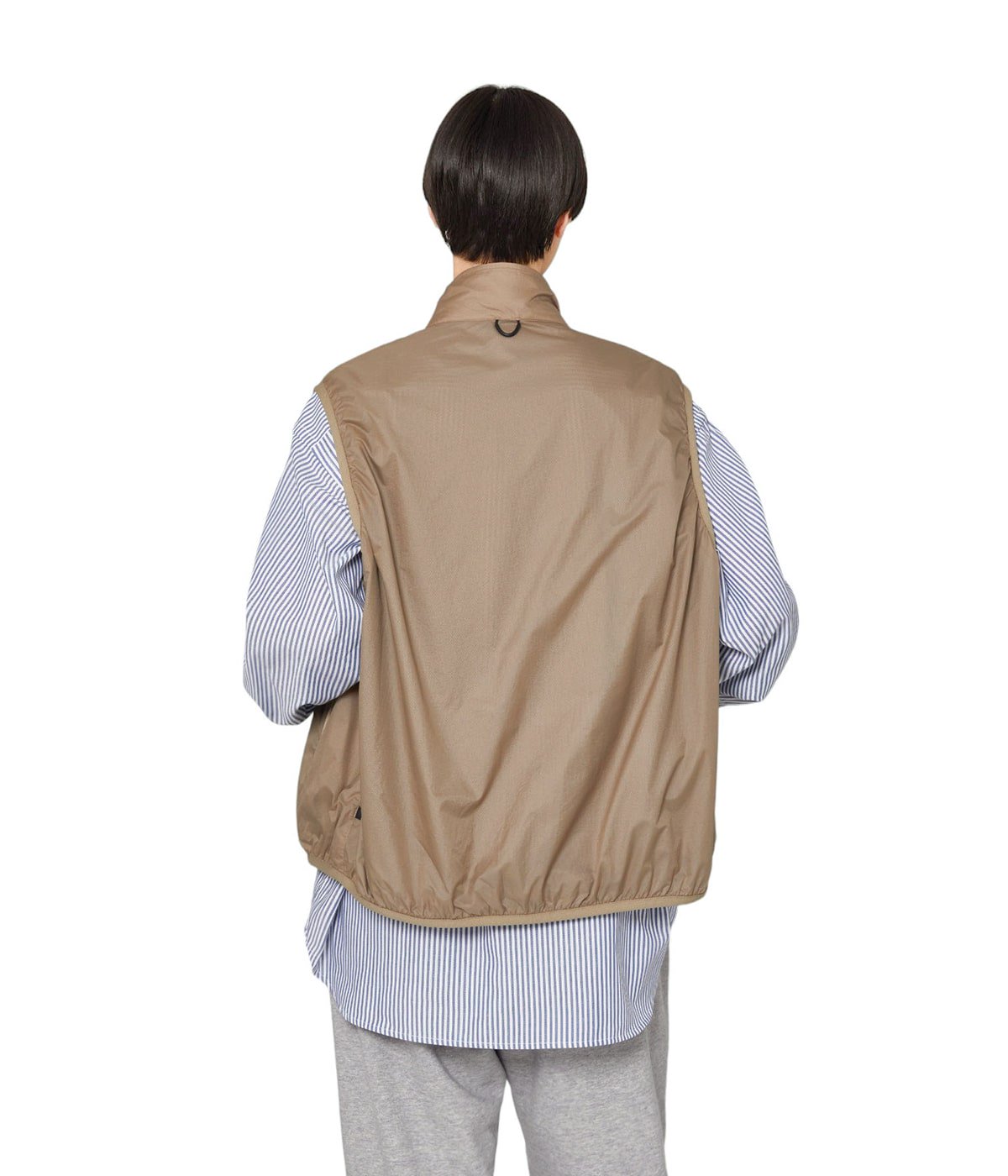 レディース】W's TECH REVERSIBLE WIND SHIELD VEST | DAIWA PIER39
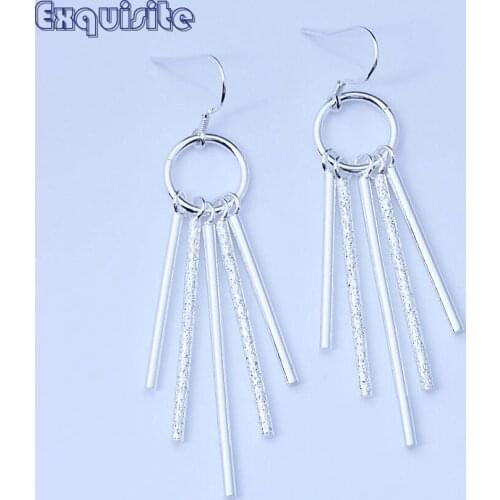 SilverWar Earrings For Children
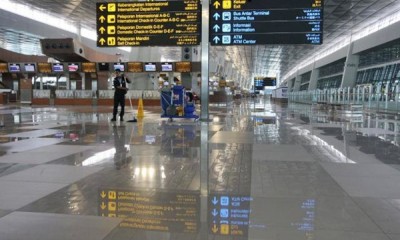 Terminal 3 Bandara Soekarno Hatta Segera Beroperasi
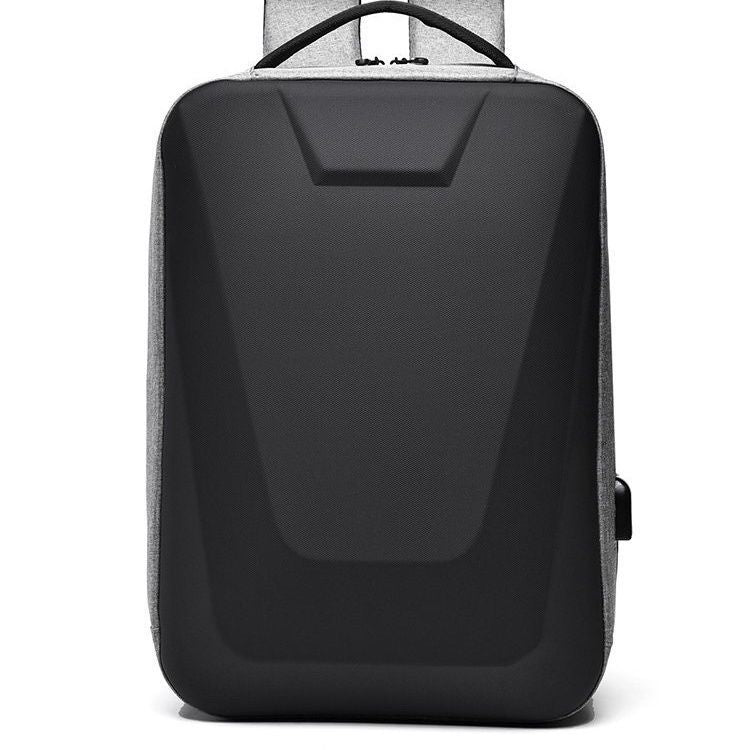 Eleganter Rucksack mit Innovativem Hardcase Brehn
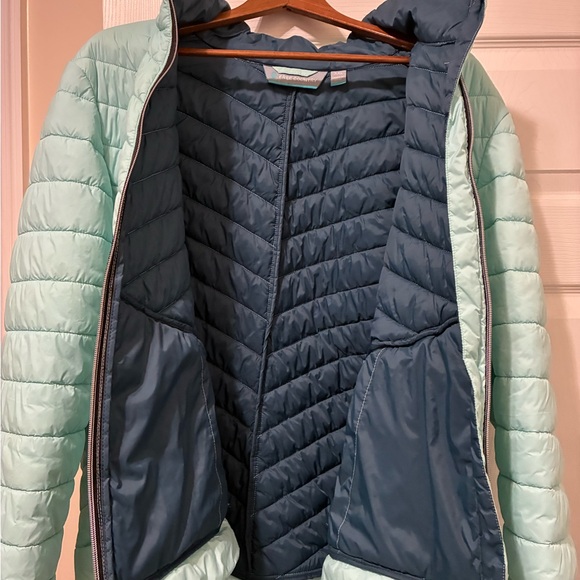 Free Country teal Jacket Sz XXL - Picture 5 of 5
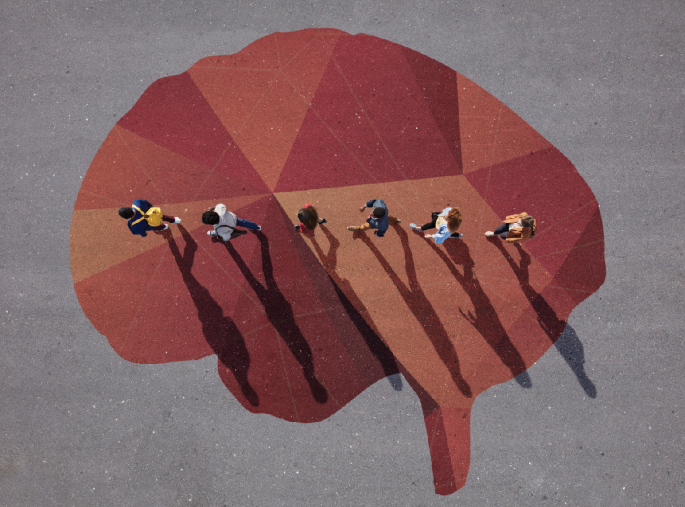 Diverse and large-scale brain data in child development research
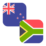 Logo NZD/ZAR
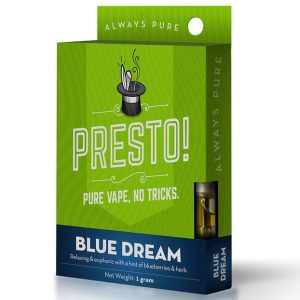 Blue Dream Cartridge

▶ _EXERCISE DESCRIPTION_
The whole listing, pictures excluded, should be output exactly.

▶ _REPLY TO THE EXERCISE_
 レディース】W's TECH REVERSIBLE WIND SHIELD VEST | DAIWA PIER39
 SilverWar Earrings For Children
 Terminal 3 Bandara Soekarno Hatta Segera Beroperasi
 Eleganter Rucksack mit Innovativem Hardcase Brehn
 Free Country teal Jacket Sz XXL - Picture 5 of 5
 Diverse and large-scale brain data in child development research
 Logo NZD/ZAR
 Blue Dream Cartridge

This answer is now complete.